Le sujet étant très vaste, on va essayer d’aller à l’essentiel pour que l’article reste compréhensible et pertinent.

La magie quantique

La physique quantique s’appuie sur les lois de la mécanique quantique qui peuvent paraître « magiques » pour nous tant les règles de l’infiniment petit (contre-intuitives, illogiques pour nous) n’ont rien à voir avec celles de notre monde macroscopique… Comme on va le voir :

  • Principe de superposition (sur lequel tout va s’appuyer dans la partie suivante) : rendu célèbre grâce au chat de Schrödinger, une particule peut être à plusieurs endroits en même temps. Contrairement à un ballon de football qui est à un endroit précis du terrain, une particule va être « un peu partout » (mais plus probablement à certains endroits qu’à d’autres), et c’est en regardant où elle est qu’elle va choisir sa position.
  • Indéterminisme de la mesure : découvert par Heisenberg, ce principe stipule qu’on ne peut jamais connaître la position exacte ET la vitesse exacte d’une particule en même temps. Soit on a l’un, soit l’autre, mais jamais les deux à la fois : on aura simplement une probabilité d’avoir telle vitesse si on est à tel endroit (ou vice-versa).
  • Dualité onde/corpuscule : la lumière, et plus généralement toute particule, se comporte à la fois comme une onde (électromagnétique) et une particule (ponctuelle dans l’espace). Il est difficilement concevable d’être les deux en même temps, sachant que l’un des deux « états » l’emporte au moment de la mesure.
  • Effet tunnel : il est possible pour une particule de traverser des obstacles « comme par magie » grâce à la propriété ondulatoire. De la même manière que des ondes sonores traversent faiblement un mur, la probabilité qu’une particule quelconque traverse de la matière et se retrouve de l’autre côté n’est pas nulle. Une bonne explication pour comprendre est donnée juste en-dessous.
  • Intégrale de chemin : une particule pour aller du point A au point B emprunte tous les chemins disponibles (comme par exemple dans l’expérience de la double fente, où un électron passe par deux fentes en même temps !). Pour en revenir à l’effet tunnel, il existe toujours un chemin qui permet d’aller de l’autre côté du mur. Au plus le chemin est court, au plus la probabilité de l’emprunter est élevée (c’est pourquoi en général on ne peut pas traverser un mur facilement)… Mais la probabilité de choisir un autre chemin que le plus court n’est pas nulle, et donc on peut obtenir un effet tunnel.
  • Quantification : la physique et la mécanique quantique tirent leur nom de cette propriété, qui dit que les valeurs que peuvent prendre certaines mesures sont discontinues. Par exemple, l’énergie d’un atome est forcément multiple d’une certaine constante. Pour l’atome d’hydrogène, on passe de l’énergie de -13.6eV à -3.4eV sans pouvoir prendre de valeur intermédiaire ! Ces paquets permettent de résoudre de nombreux problèmes inexplicables de la fin du XIXème siècle dont celui de l’énergie infinie du corps noir, ou encore d’expliquer les couches d’un atome (les électrons sautent de l’une à l’autre sans pouvoir rester entre)

Les qubits

Maintenant que ces rappels ont été faits et que l’on a le même vocabulaire, on va en revenir à nos ordinateurs quantiques (ordinateurs qui exploitent les propriétés de la mécanique quantique pour fonctionner).

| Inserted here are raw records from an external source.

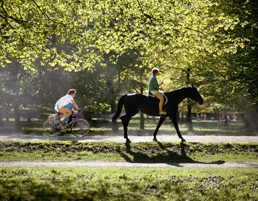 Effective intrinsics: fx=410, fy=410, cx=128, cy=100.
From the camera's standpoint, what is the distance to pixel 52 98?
33062 millimetres

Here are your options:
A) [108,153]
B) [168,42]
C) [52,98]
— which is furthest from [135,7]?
[52,98]

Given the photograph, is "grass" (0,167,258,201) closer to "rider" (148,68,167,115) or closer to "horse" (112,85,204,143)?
"rider" (148,68,167,115)

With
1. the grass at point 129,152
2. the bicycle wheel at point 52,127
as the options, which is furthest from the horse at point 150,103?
the bicycle wheel at point 52,127

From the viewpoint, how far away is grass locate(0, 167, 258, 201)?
29.0ft

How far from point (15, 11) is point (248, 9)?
13.4 m

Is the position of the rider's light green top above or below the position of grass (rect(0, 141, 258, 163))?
above

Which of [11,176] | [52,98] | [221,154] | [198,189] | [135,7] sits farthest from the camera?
[52,98]

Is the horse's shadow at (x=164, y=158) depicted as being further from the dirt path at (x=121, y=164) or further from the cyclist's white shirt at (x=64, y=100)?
the cyclist's white shirt at (x=64, y=100)

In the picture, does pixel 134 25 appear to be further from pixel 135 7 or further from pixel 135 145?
pixel 135 145

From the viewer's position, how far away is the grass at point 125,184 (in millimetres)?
8852

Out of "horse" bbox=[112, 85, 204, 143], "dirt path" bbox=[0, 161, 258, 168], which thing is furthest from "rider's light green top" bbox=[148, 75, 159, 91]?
"dirt path" bbox=[0, 161, 258, 168]

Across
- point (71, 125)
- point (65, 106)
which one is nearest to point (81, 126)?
point (71, 125)

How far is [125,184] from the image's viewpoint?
959 cm

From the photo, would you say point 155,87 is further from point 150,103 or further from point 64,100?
point 64,100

L’unité fondamentale n’est pas le bit (qui vaut 0 ou 1), mais le qubit qui est une superposition d’états.

Par exemple, un qubit est à la fois dans les deux états : il est à 60% « 0 » et à 40% « 1 ». Si on mesure son état exact, il y aura donc 3 chances sur 5 qu’il soit de 0. Grâce à cette superposition d’états, là où 4 bits classiques peuvent valoir l’un des \(2^4 = 16\) états (0000, 0001, 0010, 0011, …) possibles, 4 qubits sont dans ces 16 états en même temps ! Pour trouver un certain état, disons 1111, avec 4 bits il faudra essayer plusieurs combinaisons jusqu’à tomber sur la bonne (au pire 16), tandis que des qubits trouveront 0000 directement.

Les possibilités de calcul avec des qubits sont donc considérables et ils permettent de traiter des problèmes à une vitesse incroyable. Craquer un système de sécurité classique prendrait plus de 10 000 ans avec son ordinateur, tandis qu’un ordinateur quantique mettrait moins de 1 seconde

L’algorithmie

Indépendamment de toutes les problématiques liées aux ordinateurs quantiques (comment stocker de l’information, comment garder les particules dans un état de superposition…) qu’il reste encore à résoudre, de nombreux informaticiens et physiciens ont imaginé des algorithmes dits quantiques qui permettent de résoudre nos problèmes traditionnels via un ordinateur quantique (en une fraction de seconde).

Le plus connu, l’algorithme de Shor, permet de factoriser un nombre entier en ses facteurs premiers. Cette capacité est supposée exponentielle avec un ordinateur classique mais linéaire avec un quantique ! Mais comment peut-on faire, avec des qubits, pour gagner autant de temps ?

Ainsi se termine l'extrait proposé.